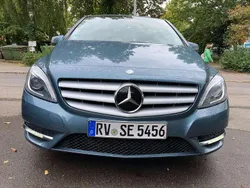 Blau Gebraucht 2014 Mercedes B200 Sport Edition Van / Kleinbus | 7.900 €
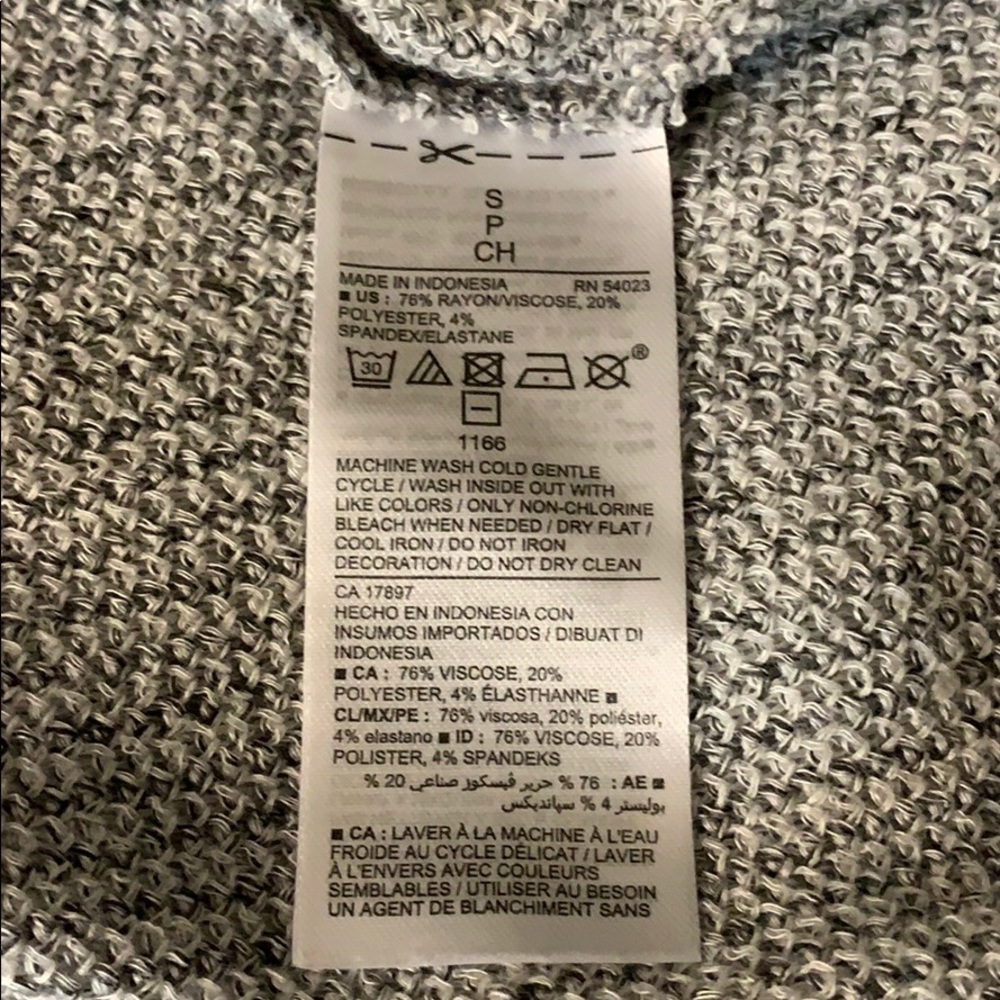 Old Navy Sweater - Picture 4 of 4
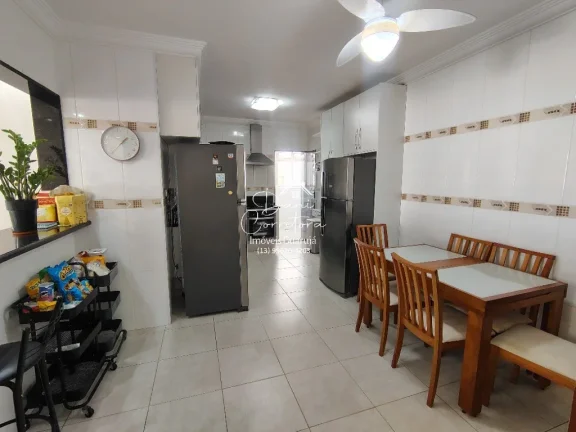 Imagem Apartamento reformado com vista, 50 metros da praia nas Pitangueiras: 3 quartos, 1 suíte, 2 salas, 3 banheiros, 1 vaga, 134m²!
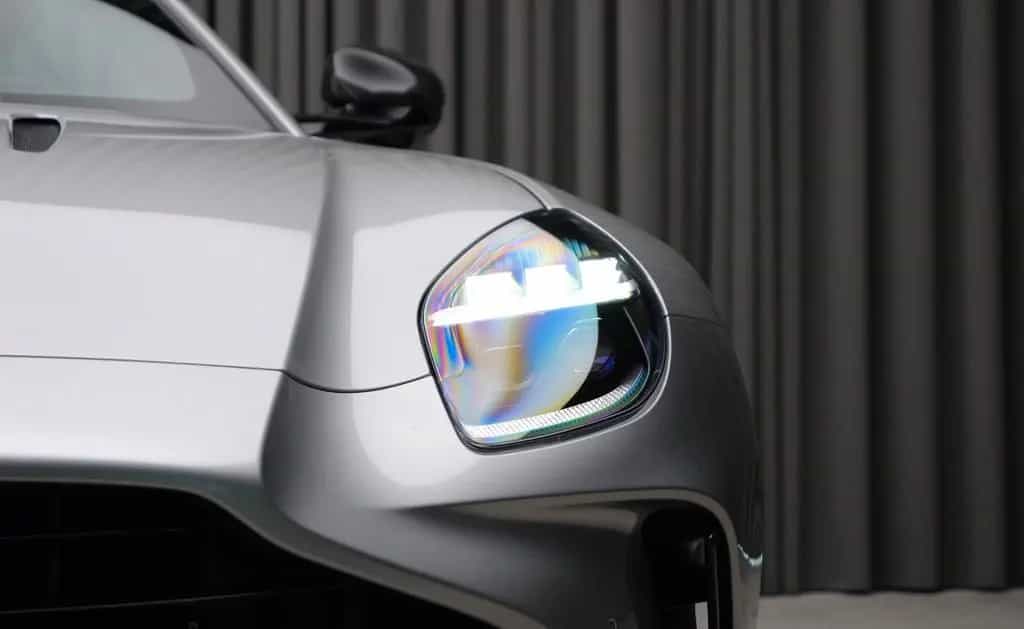 Aston Martin V8 Vantage w. Full Carbon Pack and B&W Audio 11/2024-photo-10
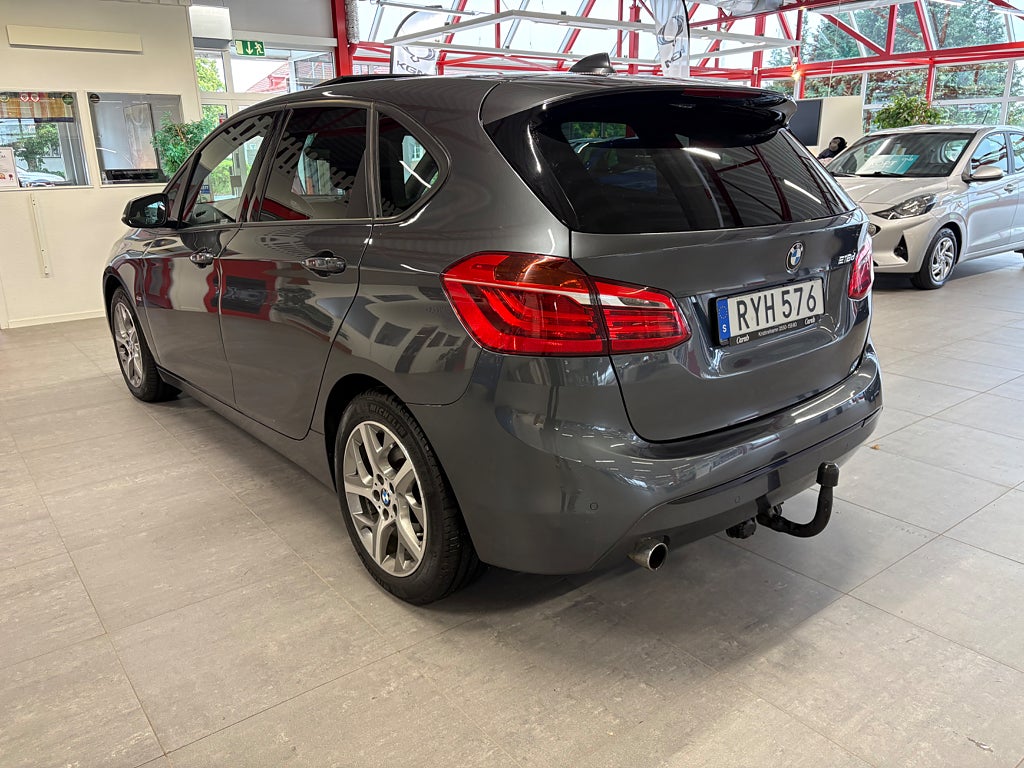 BMW 218d 2018 - miniatyr 3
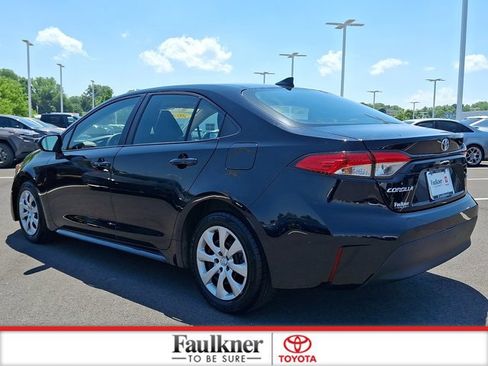 Certified 2023 Toyota Corolla LE FWD image 4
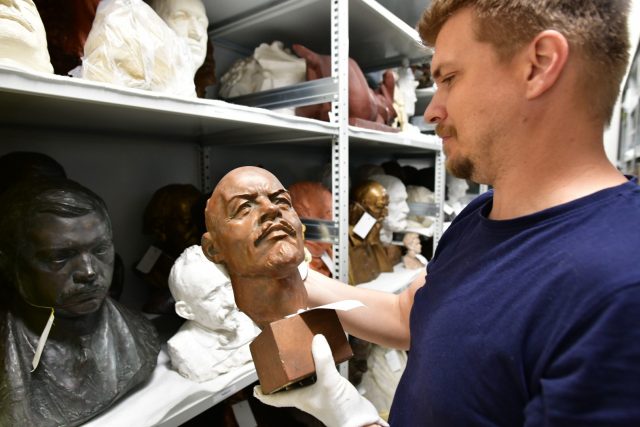 Historik Jan Ivanega prohlíží bustu Vladimira Iljiče Lenina uloženou v depozitáři | foto: Jan Ptáček,  Český rozhlas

---

▶ **Try it**: Write out each entry exactly; any pictures stay out of the copy.

▶ **Reply to the task**:
 Blau Gebraucht 2014 Mercedes B200 Sport Edition Van / Kleinbus | 7.900 €
 Old Navy Sweater - Picture 4 of 4
 Imagem Apartamento reformado com vista, 50 metros da praia nas Pitangueiras: 3 quartos, 1 suíte, 2 salas, 3 banheiros, 1 vaga, 134m²!
 Aston Martin V8 Vantage w. Full Carbon Pack and B&W Audio 11/2024-photo-10
 BMW 218d 2018 - miniatyr 3
 Certified 2023 Toyota Corolla LE FWD image 4
 Historik Jan Ivanega prohlíží bustu Vladimira Iljiče Lenina uloženou v depozitáři | foto: Jan Ptáček,  Český rozhlas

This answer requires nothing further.